Why has road hockey suddenly become a national debate?
Last week, some nutter in Enfield called in the big bad RCMP on a bunch of 12-year-olds playing road hockey. Apparently people have nothing better to do then scoff at children out their window.
Great -- let's encourage kids to stay inside and play computer games, become overweight, and wait until their health care bills become a burden on society until we complain that kids don't exercise enough.
Sound dumb to you?
Or perhaps you'd prefer them to use their free time to be spray painting grafitti on your fence.
Enfield resident Debbie Jefferies says her 12-year-old son Ryan and his friends had been out playing road hockey any chance they got.
But a neighbour called police and under the Motor Vehicle Act in Nova Scotia the games now have to stop. The kids were given the option to play at a dead end street, but the 10 minute strut would be difficult to haul all the gear to.
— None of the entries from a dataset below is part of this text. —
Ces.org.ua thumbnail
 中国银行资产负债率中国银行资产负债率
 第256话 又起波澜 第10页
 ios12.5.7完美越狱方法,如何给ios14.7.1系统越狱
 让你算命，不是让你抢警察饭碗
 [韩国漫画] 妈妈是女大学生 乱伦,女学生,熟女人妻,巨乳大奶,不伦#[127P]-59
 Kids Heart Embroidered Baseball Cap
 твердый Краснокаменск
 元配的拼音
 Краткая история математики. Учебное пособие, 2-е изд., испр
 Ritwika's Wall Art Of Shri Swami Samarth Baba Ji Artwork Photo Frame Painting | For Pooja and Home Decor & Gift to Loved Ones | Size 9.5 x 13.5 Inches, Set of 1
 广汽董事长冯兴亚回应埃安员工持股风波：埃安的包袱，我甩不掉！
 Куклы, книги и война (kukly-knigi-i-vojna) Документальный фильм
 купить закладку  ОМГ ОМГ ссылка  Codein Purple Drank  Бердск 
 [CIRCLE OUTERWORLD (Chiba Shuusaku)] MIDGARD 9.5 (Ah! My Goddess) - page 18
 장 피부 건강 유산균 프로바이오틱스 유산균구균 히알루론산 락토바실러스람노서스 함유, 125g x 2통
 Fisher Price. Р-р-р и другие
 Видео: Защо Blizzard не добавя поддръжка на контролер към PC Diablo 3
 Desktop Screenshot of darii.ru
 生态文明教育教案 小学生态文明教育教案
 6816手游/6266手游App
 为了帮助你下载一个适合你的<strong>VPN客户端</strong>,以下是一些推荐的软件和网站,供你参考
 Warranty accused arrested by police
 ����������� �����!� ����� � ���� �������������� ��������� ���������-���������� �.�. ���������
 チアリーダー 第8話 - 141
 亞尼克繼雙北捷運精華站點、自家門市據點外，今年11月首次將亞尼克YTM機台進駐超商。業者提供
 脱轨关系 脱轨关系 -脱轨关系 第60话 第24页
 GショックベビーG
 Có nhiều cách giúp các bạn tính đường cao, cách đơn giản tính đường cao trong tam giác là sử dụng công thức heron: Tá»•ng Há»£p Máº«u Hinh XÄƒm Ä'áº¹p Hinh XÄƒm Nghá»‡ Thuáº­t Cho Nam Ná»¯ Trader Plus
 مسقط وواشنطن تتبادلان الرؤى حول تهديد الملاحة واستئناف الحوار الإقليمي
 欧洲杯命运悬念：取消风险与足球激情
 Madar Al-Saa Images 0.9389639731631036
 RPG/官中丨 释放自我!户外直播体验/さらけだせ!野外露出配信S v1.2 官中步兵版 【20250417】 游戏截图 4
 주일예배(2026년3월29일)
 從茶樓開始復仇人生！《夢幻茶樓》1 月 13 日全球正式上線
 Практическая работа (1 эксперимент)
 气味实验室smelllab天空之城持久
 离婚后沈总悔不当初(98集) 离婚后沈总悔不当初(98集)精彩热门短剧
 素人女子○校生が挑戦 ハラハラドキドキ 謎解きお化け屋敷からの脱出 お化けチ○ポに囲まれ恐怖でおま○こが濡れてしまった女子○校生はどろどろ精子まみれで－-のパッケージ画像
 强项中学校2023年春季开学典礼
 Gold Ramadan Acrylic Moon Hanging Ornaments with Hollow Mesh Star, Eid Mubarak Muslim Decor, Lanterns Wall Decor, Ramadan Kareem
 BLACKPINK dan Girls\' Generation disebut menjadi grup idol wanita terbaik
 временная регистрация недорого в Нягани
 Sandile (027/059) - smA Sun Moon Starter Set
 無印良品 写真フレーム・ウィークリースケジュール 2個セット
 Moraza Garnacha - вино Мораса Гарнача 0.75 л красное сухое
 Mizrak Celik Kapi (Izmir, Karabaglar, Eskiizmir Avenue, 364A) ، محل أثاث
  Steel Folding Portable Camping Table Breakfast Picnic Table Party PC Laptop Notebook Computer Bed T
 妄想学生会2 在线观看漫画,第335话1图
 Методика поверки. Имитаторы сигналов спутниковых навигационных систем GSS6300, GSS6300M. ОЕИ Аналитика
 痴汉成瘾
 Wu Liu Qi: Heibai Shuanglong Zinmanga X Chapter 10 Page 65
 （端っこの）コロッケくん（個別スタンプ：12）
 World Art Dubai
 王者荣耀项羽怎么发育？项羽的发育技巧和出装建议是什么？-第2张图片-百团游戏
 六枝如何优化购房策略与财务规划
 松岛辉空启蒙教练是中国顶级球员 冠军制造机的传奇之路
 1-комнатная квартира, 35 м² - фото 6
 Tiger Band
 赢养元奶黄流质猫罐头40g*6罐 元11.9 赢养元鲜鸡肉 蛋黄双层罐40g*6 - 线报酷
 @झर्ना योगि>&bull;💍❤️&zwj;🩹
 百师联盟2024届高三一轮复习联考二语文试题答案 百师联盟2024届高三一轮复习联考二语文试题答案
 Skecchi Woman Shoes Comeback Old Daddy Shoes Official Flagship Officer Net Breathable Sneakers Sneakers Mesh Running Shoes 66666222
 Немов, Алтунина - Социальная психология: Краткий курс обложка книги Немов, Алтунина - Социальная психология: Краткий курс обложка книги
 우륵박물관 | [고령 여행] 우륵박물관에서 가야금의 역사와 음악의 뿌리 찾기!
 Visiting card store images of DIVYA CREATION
Jeffries says she doesn't know who complained, but says it's the first she's heard of the road hockey being a problem - and she wishes that person had come to her first.
Jeffries told the Chronicle Herald the ban on shinny games broke her heart.
Nova Scotia's transportation minister Bill Estabrooks called the complaint "frivolous" and says the RCMP have better things to worry about. Oh I don't know... maybe like all the recent SHOOTINGS in the city.
Many Canadian municipalities have by-laws banning street hockey, however they're rarely enforced.
But if you think the Halifax case is new, think again. One Montreal father is fighting a case in court. He says street hockey is part of Canadian culture.
During some of the fabulous weather we got in March, 42-year-old David Sasson was playing ball hockey with a group of neighbourhood kids that included his own children in the Montreal suburb of Dollard-des-Ormeaux. A neighbour called in the coppers.
Sasson told the Globe and Mail responding officers watched the game for 45 minutes and called the complaining woman twice to try to convince her to drop the matter. Apparently the complainer was tired of the noise -- so Sasson ended up with a $75 ticket.
Again, the neighbour never bothered to complain directly.
“We live in Canada, we have the right to play hockey,” Sasson told the Globe and Mail.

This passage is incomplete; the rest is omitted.